***** INFORMATION *****

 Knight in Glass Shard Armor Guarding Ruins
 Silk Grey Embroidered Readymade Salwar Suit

*****
***** INFORMATION *****

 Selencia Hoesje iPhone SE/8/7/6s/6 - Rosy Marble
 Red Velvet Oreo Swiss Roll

*****
***** INFORMATION *****

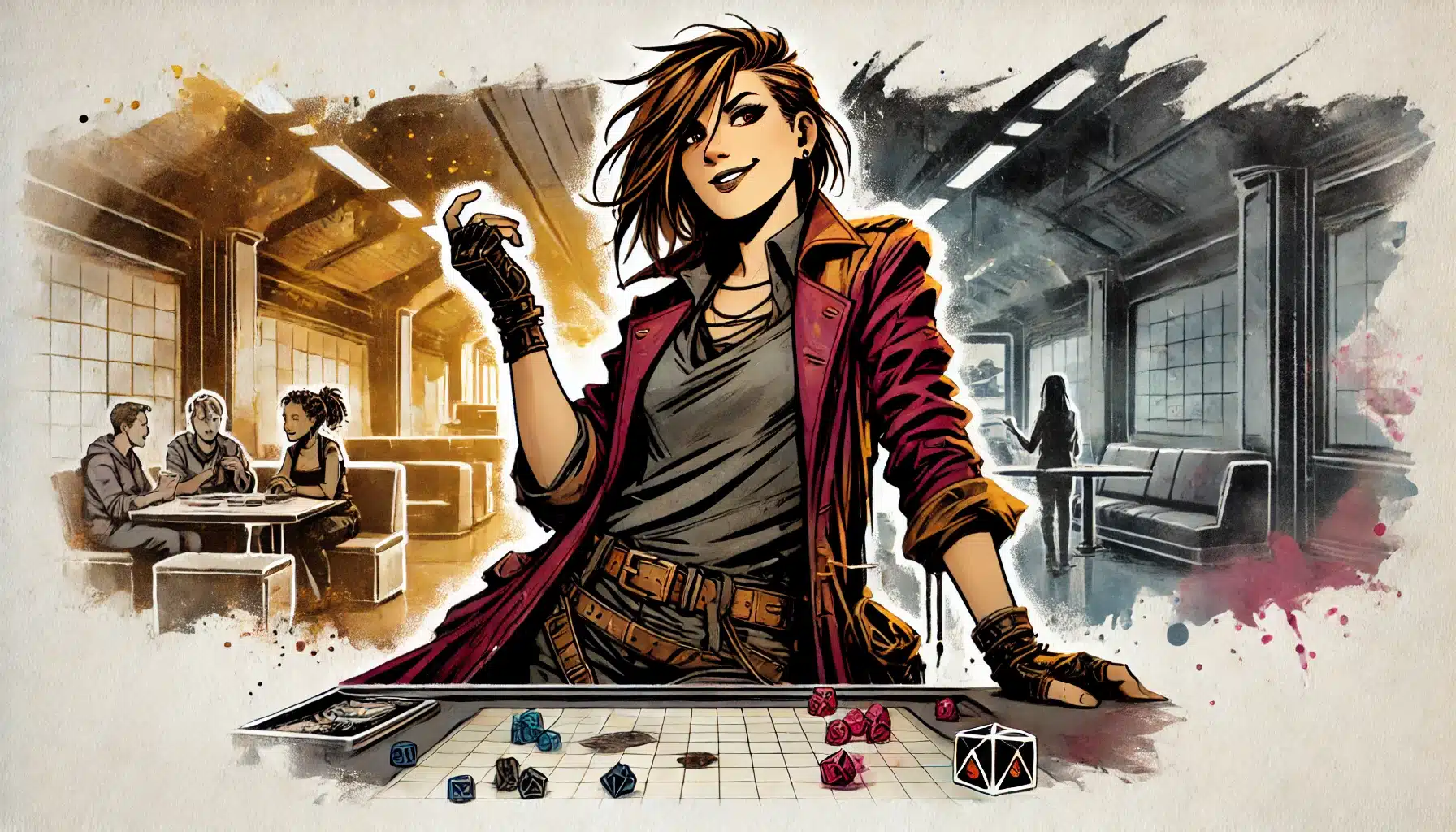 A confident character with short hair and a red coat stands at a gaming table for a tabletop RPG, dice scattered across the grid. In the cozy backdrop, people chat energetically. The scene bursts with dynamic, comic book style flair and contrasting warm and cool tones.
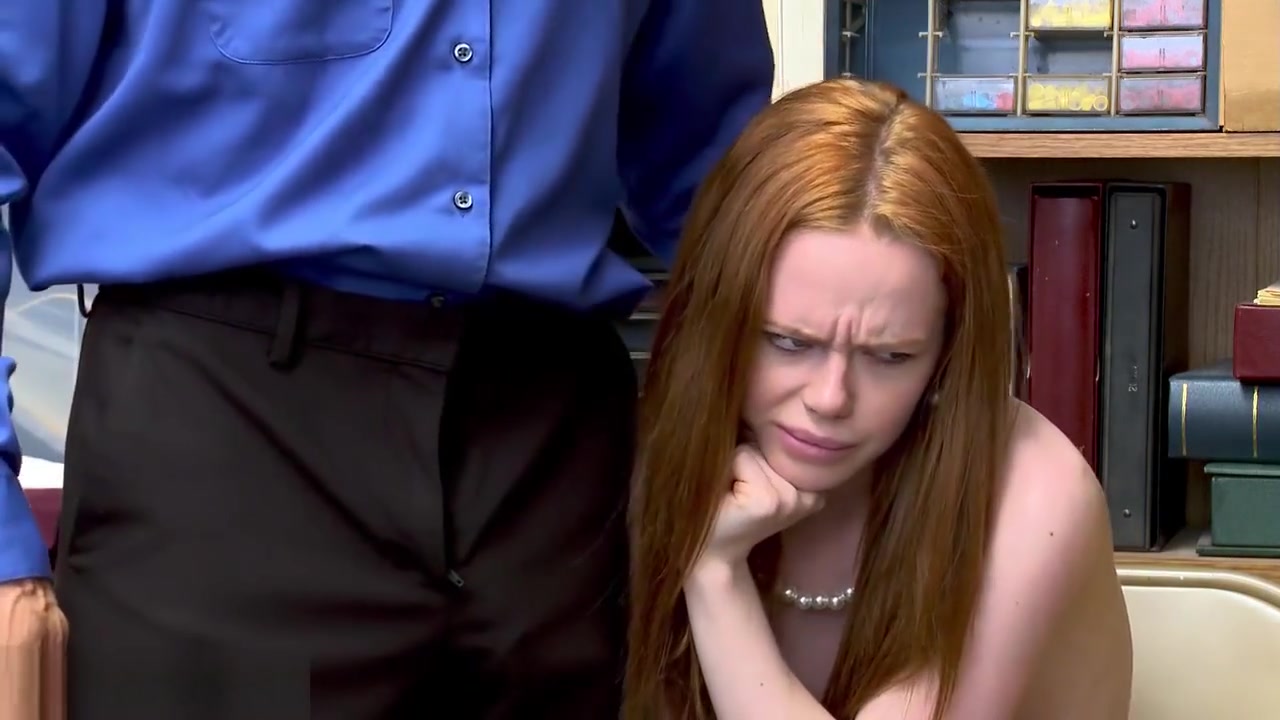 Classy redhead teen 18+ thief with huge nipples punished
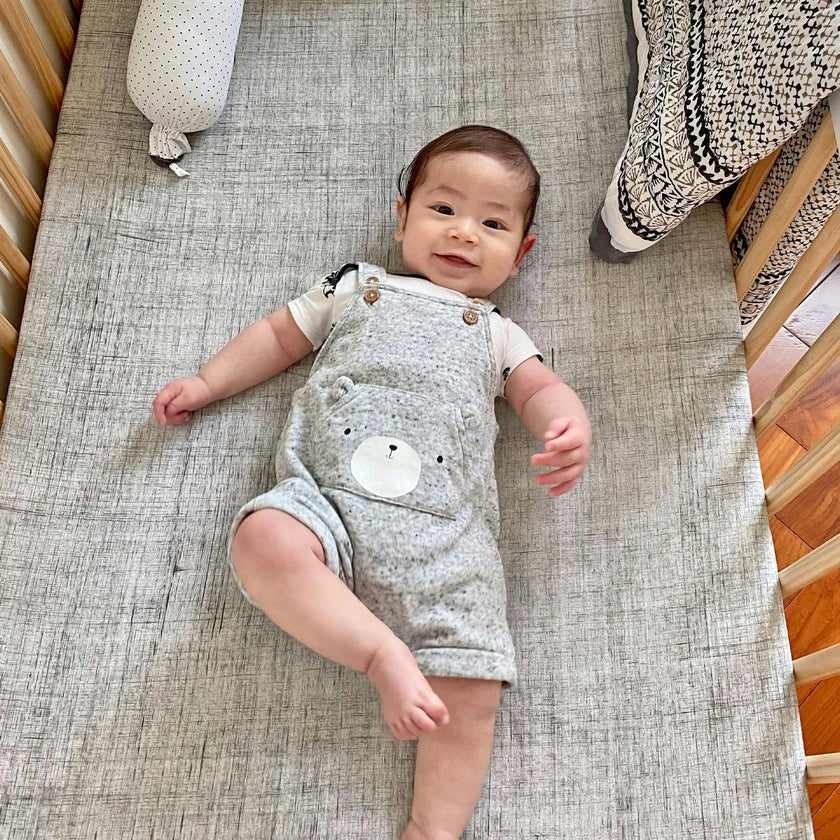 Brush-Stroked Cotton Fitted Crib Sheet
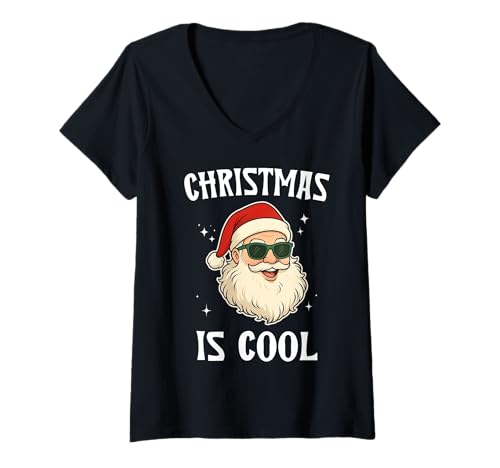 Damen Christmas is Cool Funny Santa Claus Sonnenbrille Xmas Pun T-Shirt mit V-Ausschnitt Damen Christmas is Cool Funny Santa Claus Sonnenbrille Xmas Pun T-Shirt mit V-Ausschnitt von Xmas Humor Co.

*****

§ WHAT THIS TASK INVOLVES
A word-for-word reproduction is needed of the lines above from the line containing "Brush-Stroked Cotton Fitted Crib Sheet" through the line containing "Xmas Humor Co.", with both ends kept and no pictures.

§ REPLY TO THE EXERCISE
 Brush-Stroked Cotton Fitted Crib Sheet
 Damen Christmas is Cool Funny Santa Claus Sonnenbrille Xmas Pun T-Shirt mit V-Ausschnitt Damen Christmas is Cool Funny Santa Claus Sonnenbrille Xmas Pun T-Shirt mit V-Ausschnitt von Xmas Humor Co.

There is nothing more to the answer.